What Investors Want to See in Your Financial Statements
Are you looking to raise an investment or be bought out? Investors will be looking at these key metrics, so work with your controller services to track and improve them.
"Are you making money?" is often the first question asked, but it's only a starting point. Unsustainable profits are bad, and losses can be good if you're on track to profitability as you scale up. But as many business owners do not often have a clear understanding of their net profit, this is a good place to start.
You may have an objectively amazing product or service, but the real question is, are people willing to buy it? If you establish a track record of sales before seeking an investment, investors don't take on the risk of not knowing the answer to that question.
Investors also care about sales growth. Are you showing an upward trend, or did the initial excitement fizzle out?
Sales are meaningless if you aren't making money. Investors also want to see your profit margins both overall and at the individual product level.
They'll also compare your margins against industry standards and their other available investment opportunities. Higher margins generally lead to a better return for investors.
If you have low margins, you'll need to demonstrate a plan for improving them. For early-stage businesses, demonstrating how economies of scale will reduce costs as you grow is usually the answer.
In business, cash is king. A solid five-year plan does you no good if all your employees will walk out if you can't make payroll next week.
Investors view cash in the bank as a sign that you can deal with unexpected problems and capitalize on new opportunities. Free cash flow, the amount of cash that's left after you meet your expenses each period, is a sign of sustainable operations. If you have both, investors won't have to worry that you could go under at any time.
Customer Acquisition Cost
Customer acquisition cost tells how much you have to spend to get one new customer. It's calculated by dividing your marketing spend by your number of new customers. For a fledgling business, this can sometimes be a very large number. For businesses that are most established, this amount can be blended and reduced by repeat and referred customers, who are likely easier to acquire.

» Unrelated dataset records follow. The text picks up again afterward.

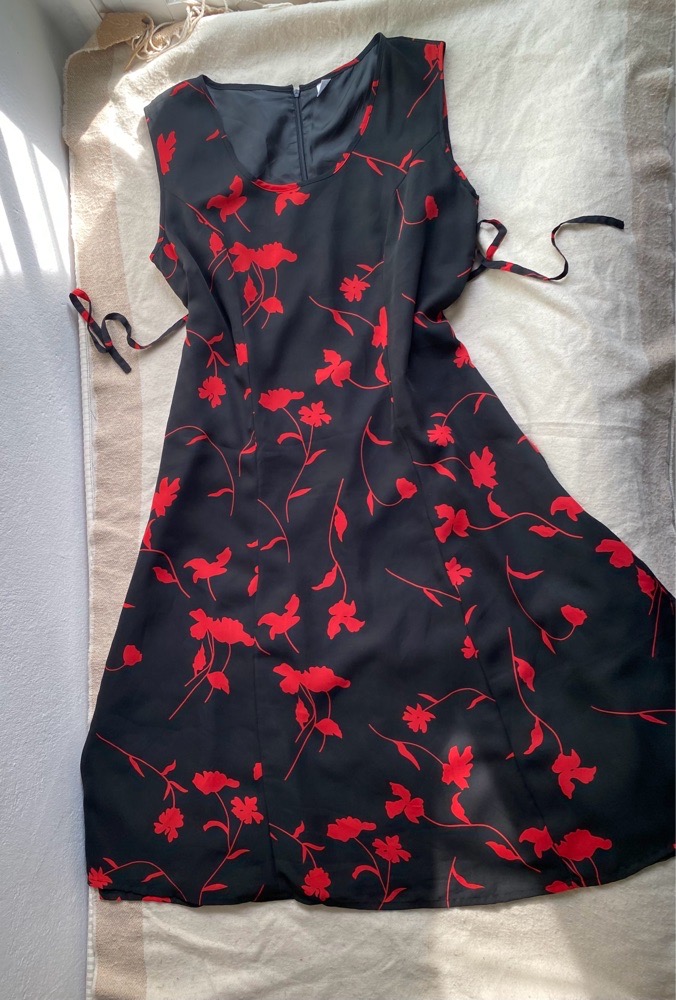 Robe fleurie grande taille 48/50 avec ceinture 
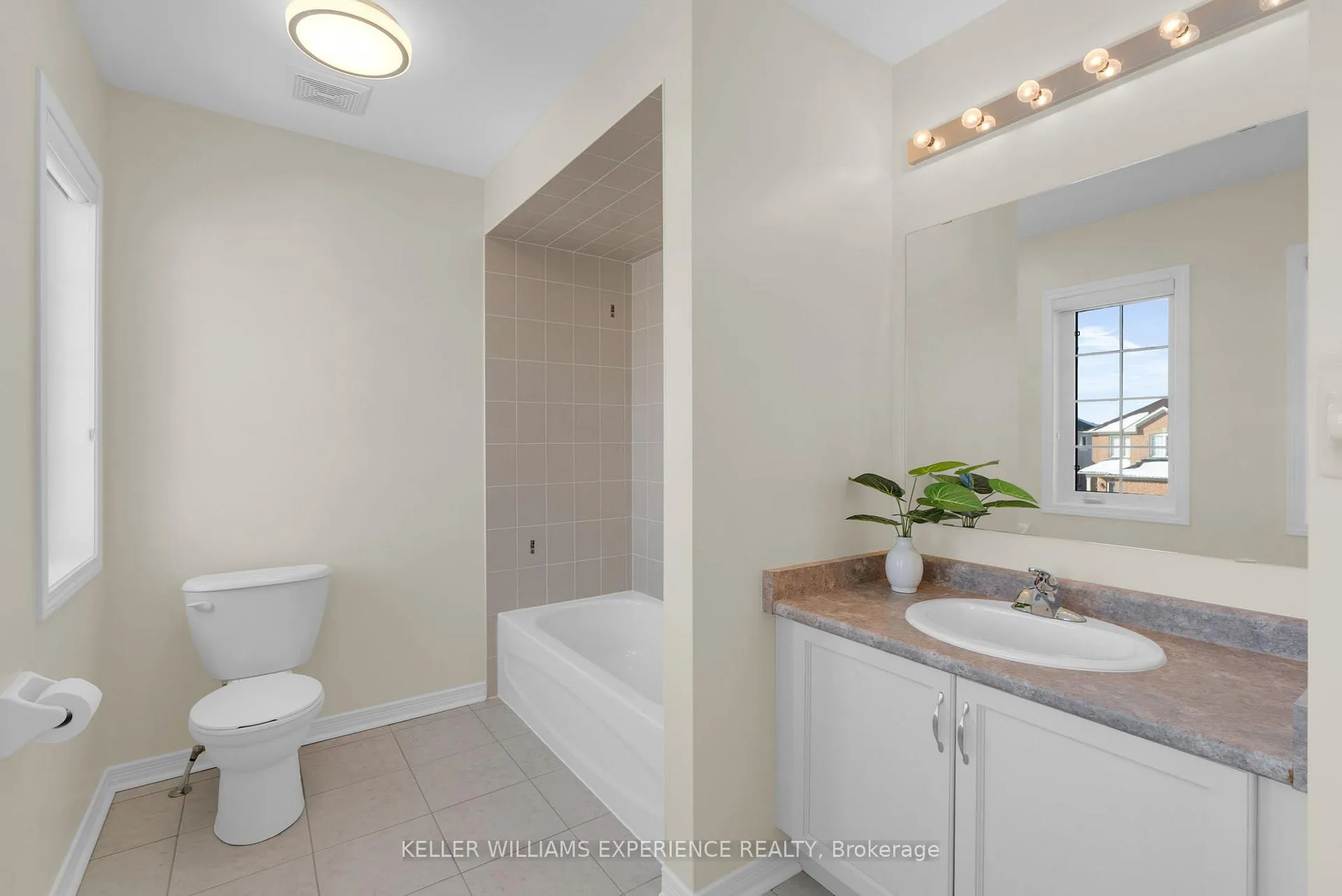 Photo 17 of 14 Charlemagne Avenue, Barrie, Innis-Shore — HOMEH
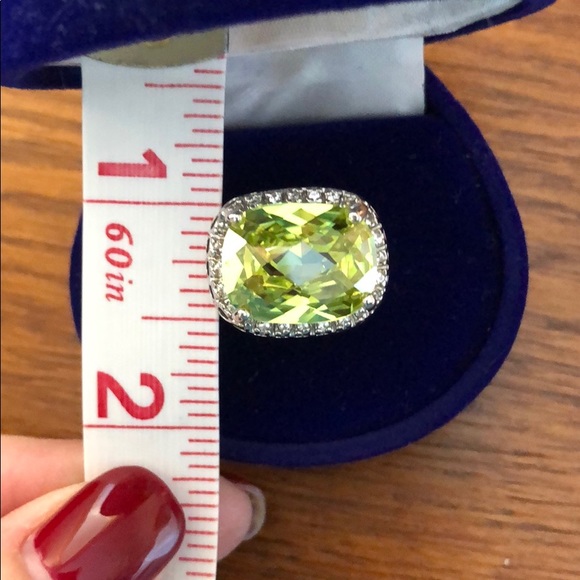 Peridot color and CZ ring silver tone Sz 7 - Picture 8 of 8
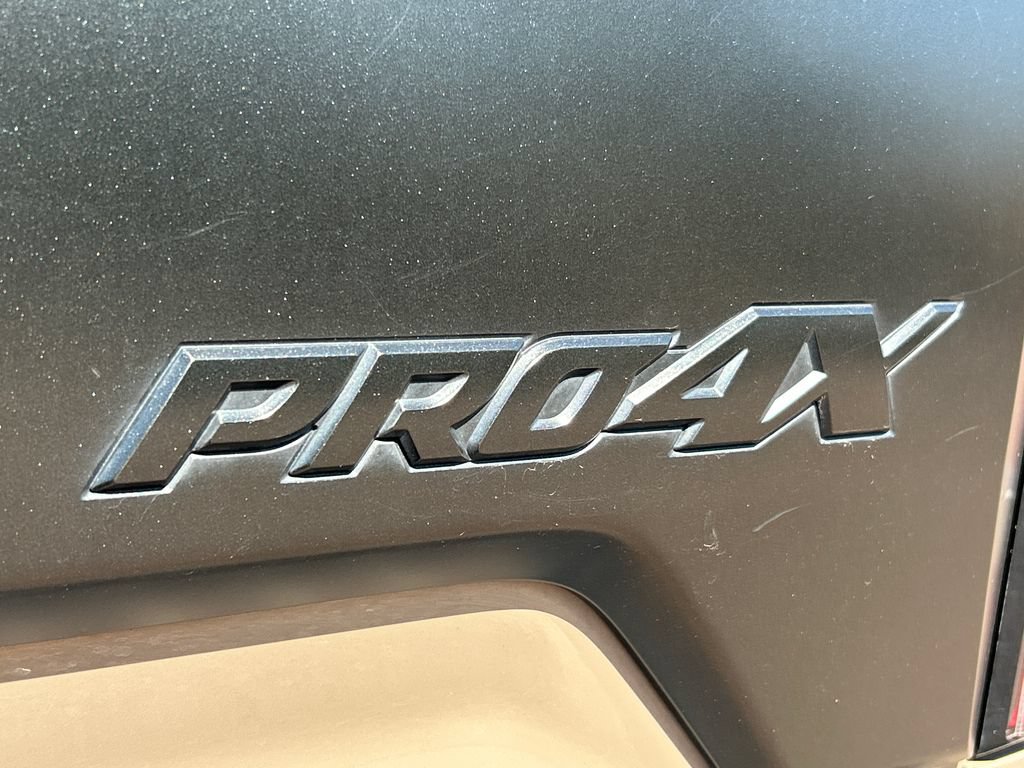 Used 2021 Nissan Titan PRO-4X w/ Pro-4x Convenience Package AWD/4WD image 25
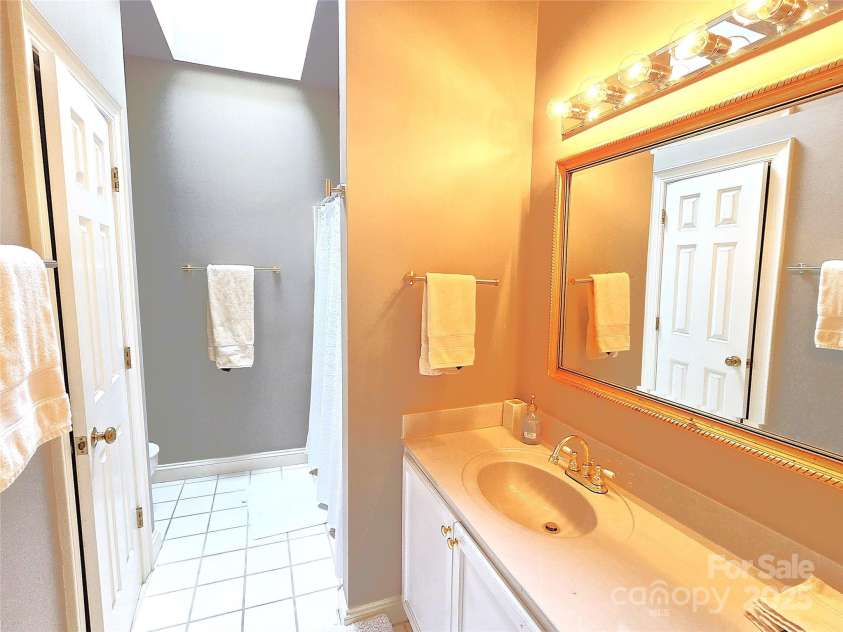 720 9th Avenue, Hickory, NC 28601.  MLS# CAR4224542, YatesRealty ID 1160. 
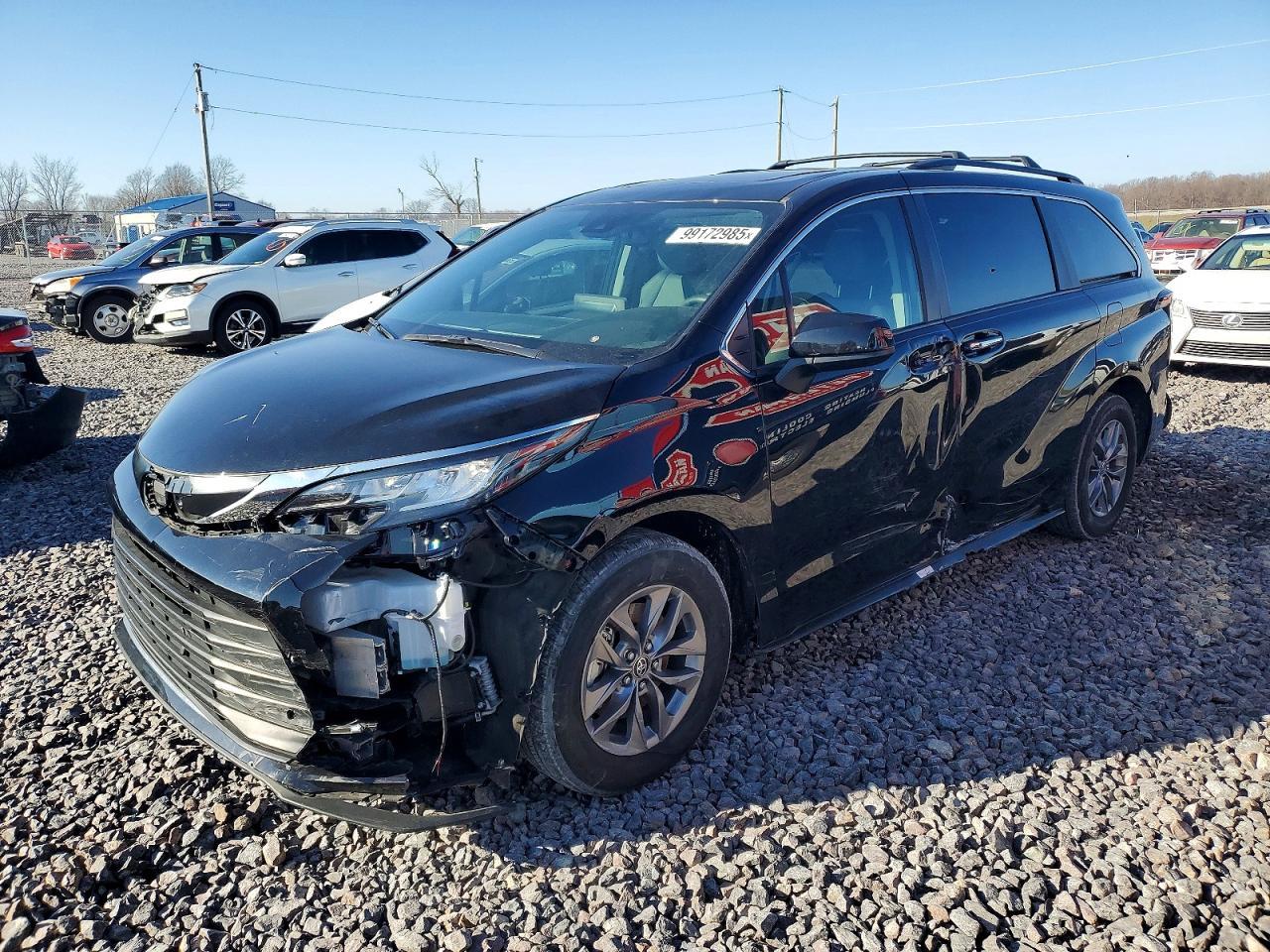 2023 Toyota Sienna xle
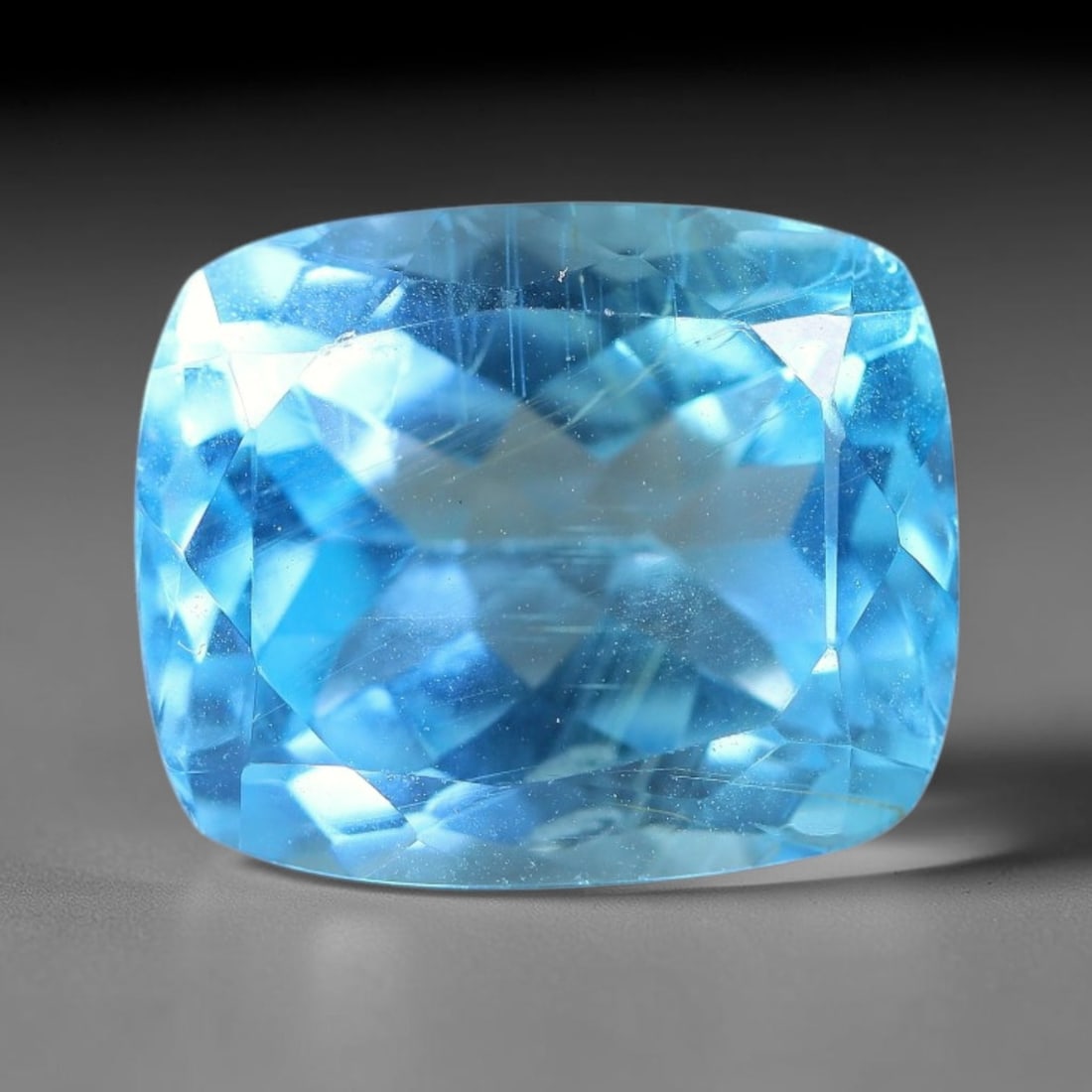 15.11 Carats Natural Brazilian Sky Blue Topaz Cushion Faceted Loose Gemstone, 31YW: Constructed from genuine natural topaz sourced from Brazilian mineral deposits, the raw material has been refined through professional faceted lapidary processing with consistent glossy polishing acro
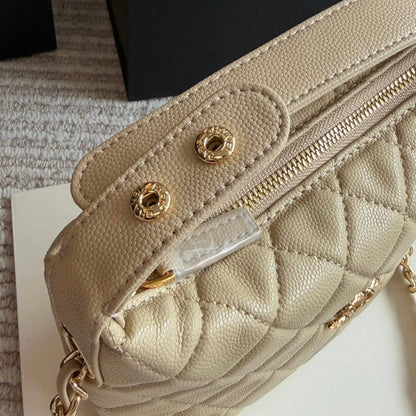 Cuero | Quilted Hobo Bag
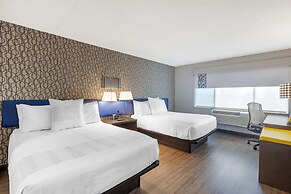 GLō Best Western Mississauga Corporate Centre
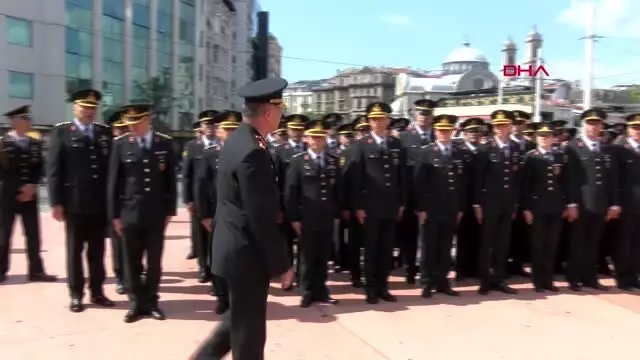 İSTANBUL- TAKSİM'DE JANDARMA'NIN 180'İNCİ YIL KUTLAMASI İSTANBUL- TAKSİM'DE JANDARMA'NIN 180'İNCİ YIL KUTLAMASI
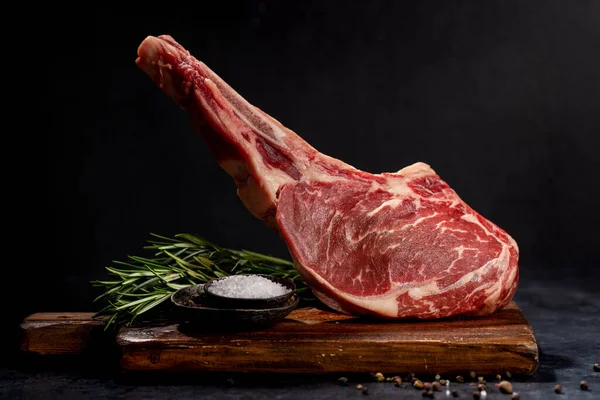Tomahawk Cru Steak Boeuf Épices Prêt Pour Cuisson — Photo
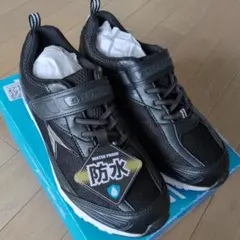 瞬足スニーカー 男の子 女の子 子供靴 防水 軽量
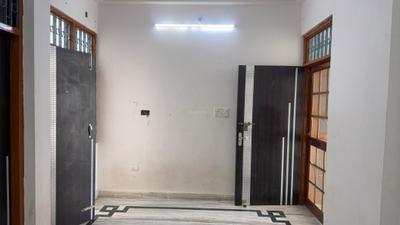 Bedroom Image of 1850 Sq.ft 2 BHK Builder Floor for rent in Indira Nagar Lucknow for Rs. 15500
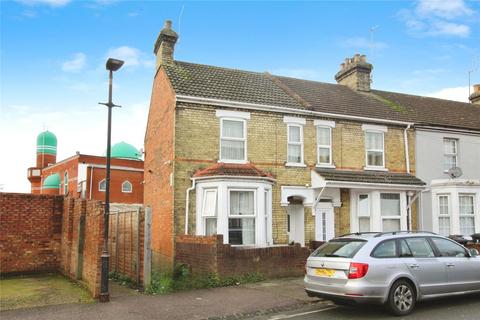 4 bedroom end of terrace house for sale, Marlborough Road, Bedfordshire MK40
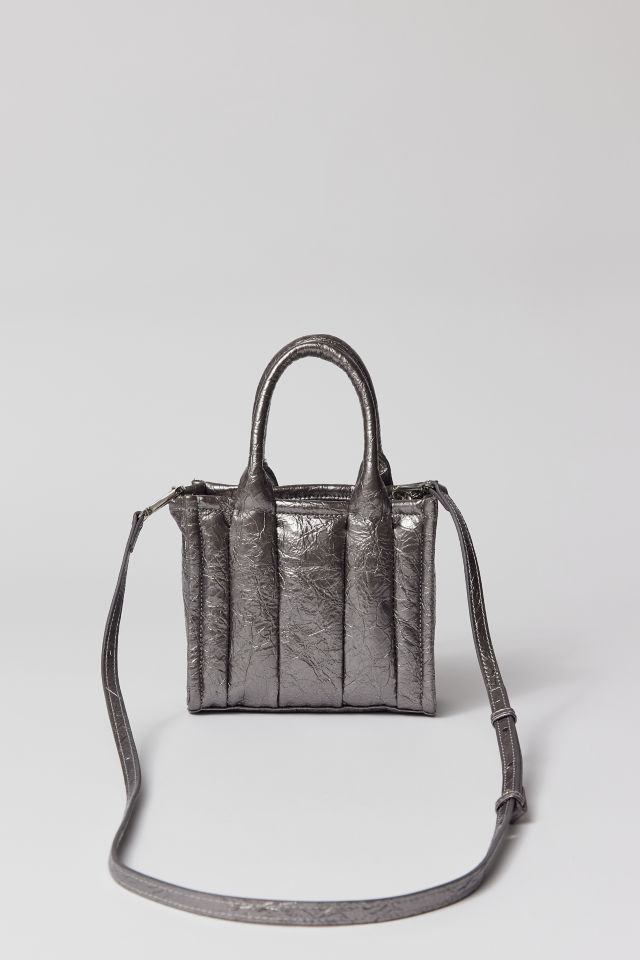 【センスUP】Urban Outfitters Serena Puff トートバッグ UO Serena Puff Mini Tote Bag | Urban Outfitters Canada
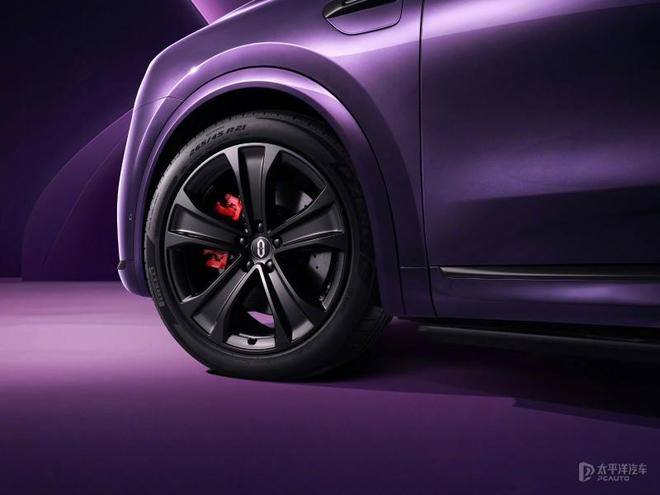 问界M8纯电版预售37.8万起，华为ADS 4加持，续航705km，8月震撼上市！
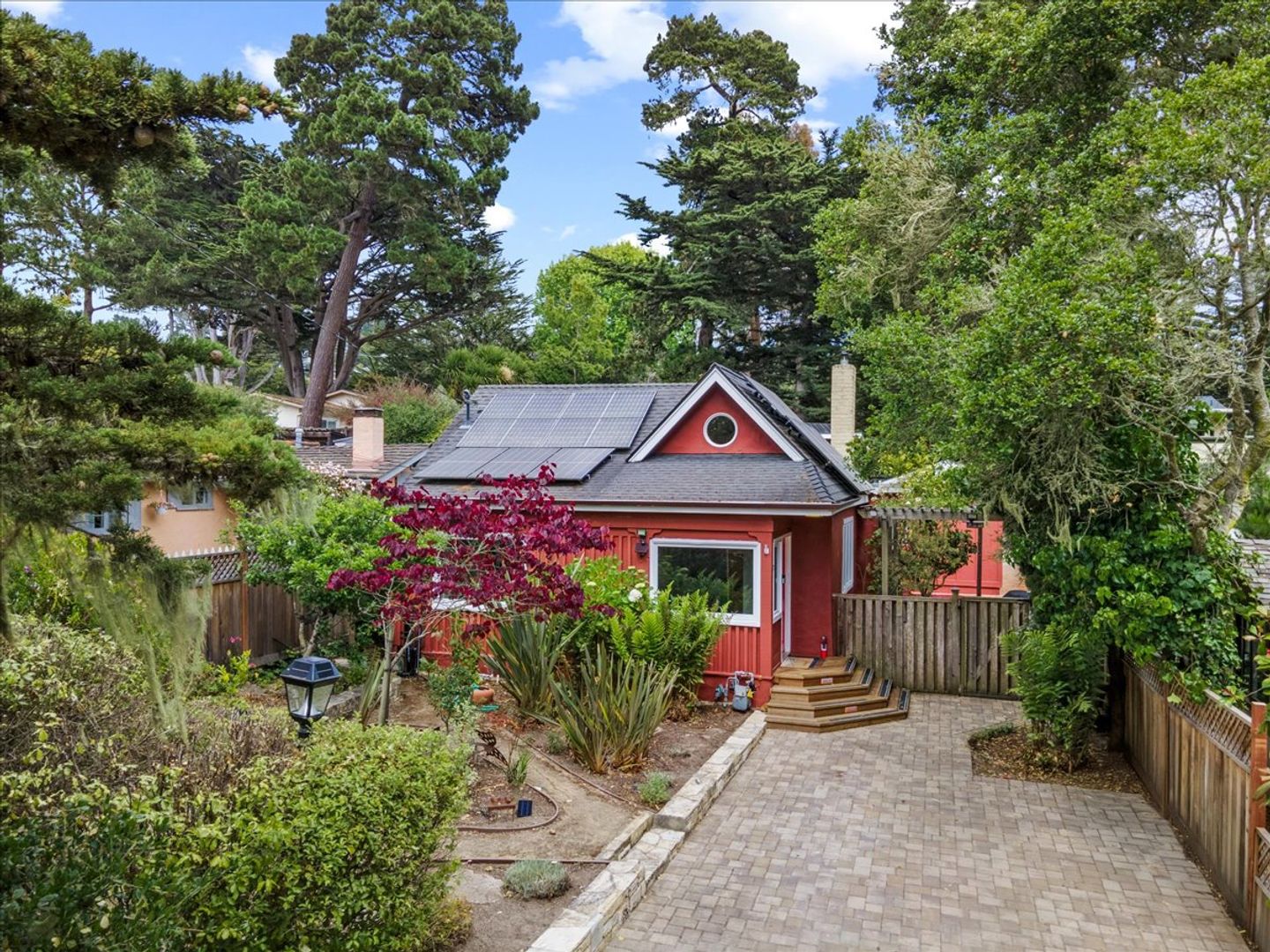 Carmel House: 2nd NE of 1st on Santa Fe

Acquisition cost is important because a product that's profitable from a materials and labor standpoint may not actually be profitable if you have trouble getting people to buy it. This problem can occur with super-niche areas where it's hard to spread the word about your product or in hyper-competitive areas where advertising competition is fierce.
As with other measures, your ability to find economies of scale or otherwise lower the cost can be more important than the actual number.
Customer Churn Rates
Coupled with acquisition cost is your churn rate. Once you get customers, can you keep them?
A low churn rate can compensate for a high acquisition cost, and it's often an indicator of less risk for investors if you have steady repeat business. Of course, high churn rates may be the norm in sectors with long purchase cycles and/or heavy competition.
Debt scares investors for two reasons. One is simply that if you go out of business, debt holders get their money back before equity holders have a chance to claim what's left.
The second, and more important, is that debt payments eat up your cash. High debt payments can hinder your ability to meet payroll and other expenses during slow periods. They may also mean you have less cash available to help you handle a sudden surge in orders or an emergency equipment replacement.
One of the most common debt measures is the quick debt ratio — current assets (excluding inventory) divided by current liabilities. A quick ratio of 1 indicates that you can exactly meet your obligations, and the higher it is above that, the more flexibility you have.
Accounts Receivable Turnover
Accounts receivables turnover shows how long it takes you to collect money from customers. This tells investors two important things.
First, are you willing to do what's necessary to make sure you get paid? Many new business owners feel bad asking for money and end up never getting paid. An investor looking for a return doesn't want to work with someone who isn't good at tracking down customer payments.
Second, how stable are your customers? A slow turnover combined with a large percentage of write-offs could indicate that many of your customers don't have financially sound operations. This adds risk to your business model, and investors will want to see an increased return to compensate.
Investors accept short-term losses, but they want to see a profit and a return on their investment sooner rather than later. Your break-even point says what is needed to make this happen.
Often, the break-even point is a specific sales target that will cover your expenses and get you to profitability. You may also build on other assumptions, such as economies of scale, improved production efficiency or reduced marketing expenses, as long as you can explain them in a way that's acceptable to investors.
You deserve sweat equity for the hard work it took to get your business running, but many investors will want to see that you've made a financial equity investment as well. If you have money at stake, investors believe that you'll do what it takes to protect it. If you're not at risk of losing financial capital, investors may fear that you'll view them as a blank checkbook and burn through cash without enough focus on protecting their investments.
You can discuss the specific ratios that apply in each category of analysis with your controller services. Even if you're not ready to seek an investment, finding ways to improve can help the overall health of your business.